● What to work on: Below are the records. Reproduce exactly the lines from the one containing "a white bathroom" through the final line, and omit any pictures.

● Data listing:
**********
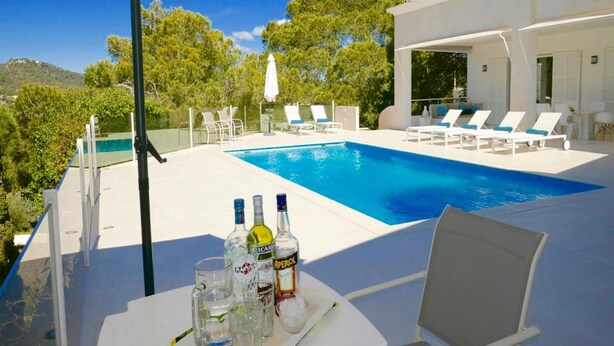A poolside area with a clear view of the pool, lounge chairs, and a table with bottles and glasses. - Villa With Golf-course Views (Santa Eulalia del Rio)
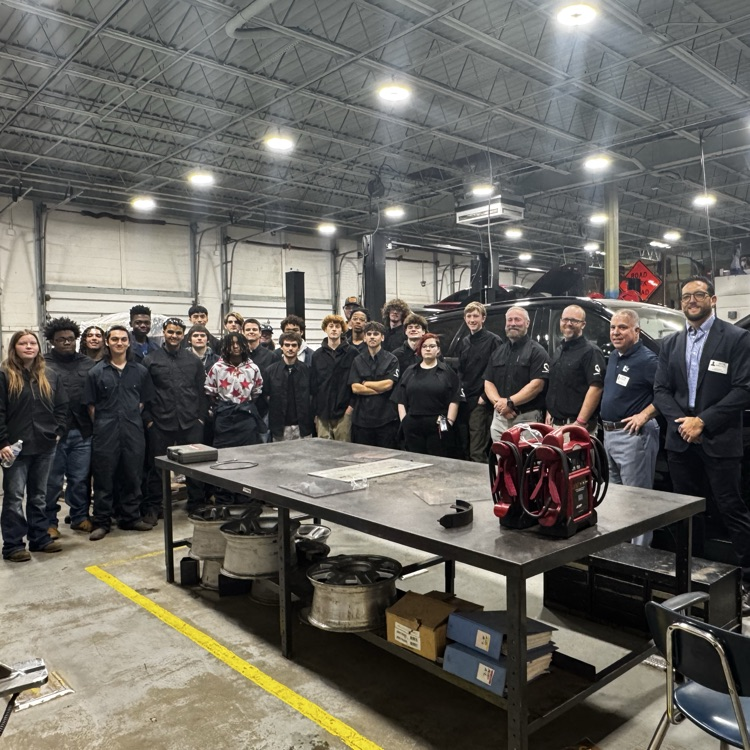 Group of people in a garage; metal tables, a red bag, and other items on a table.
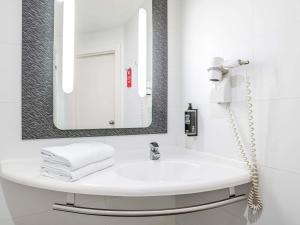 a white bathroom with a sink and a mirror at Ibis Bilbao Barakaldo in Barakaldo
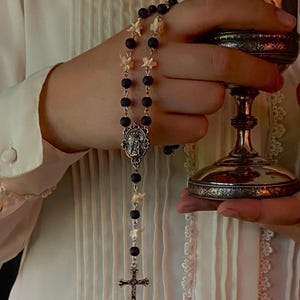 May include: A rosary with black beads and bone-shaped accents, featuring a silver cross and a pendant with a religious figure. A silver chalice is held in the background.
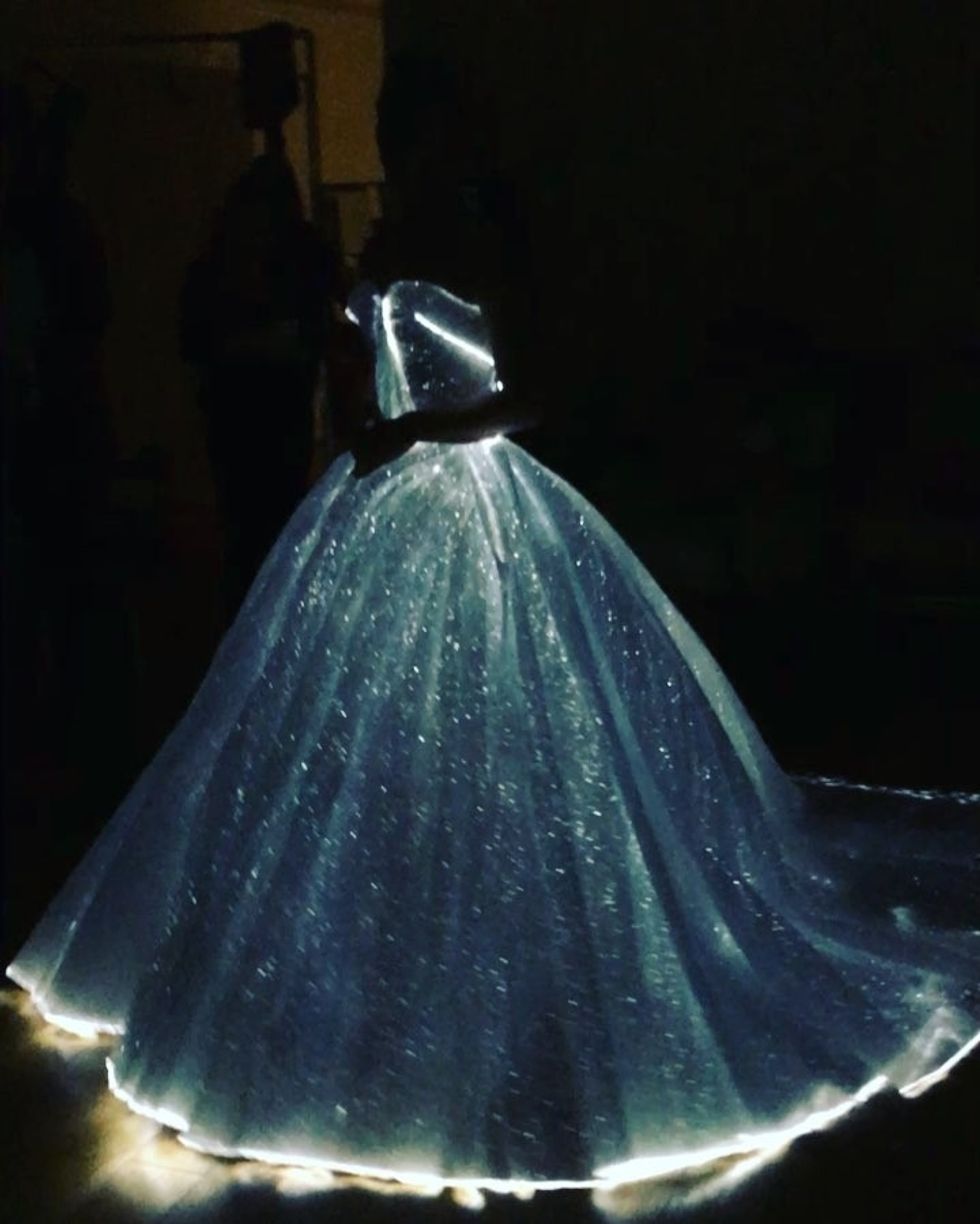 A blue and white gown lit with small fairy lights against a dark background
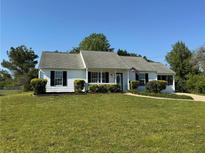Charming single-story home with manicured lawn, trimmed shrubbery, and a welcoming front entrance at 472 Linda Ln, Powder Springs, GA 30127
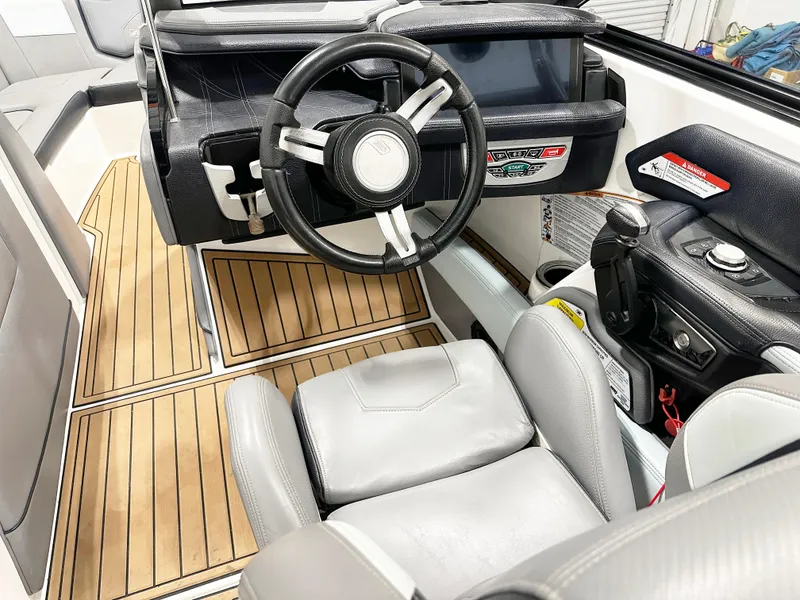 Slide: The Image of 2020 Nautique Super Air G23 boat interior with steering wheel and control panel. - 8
**********
● Answer section:
 a white bathroom with a sink and a mirror at Ibis Bilbao Barakaldo in Barakaldo
 May include: A rosary with black beads and bone-shaped accents, featuring a silver cross and a pendant with a religious figure. A silver chalice is held in the background.
 A blue and white gown lit with small fairy lights against a dark background
Charming single-story home with manicured lawn, trimmed shrubbery, and a welcoming front entrance at 472 Linda Ln, Powder Springs, GA 30127
 Slide: The Image of 2020 Nautique Super Air G23 boat interior with steering wheel and control panel. - 8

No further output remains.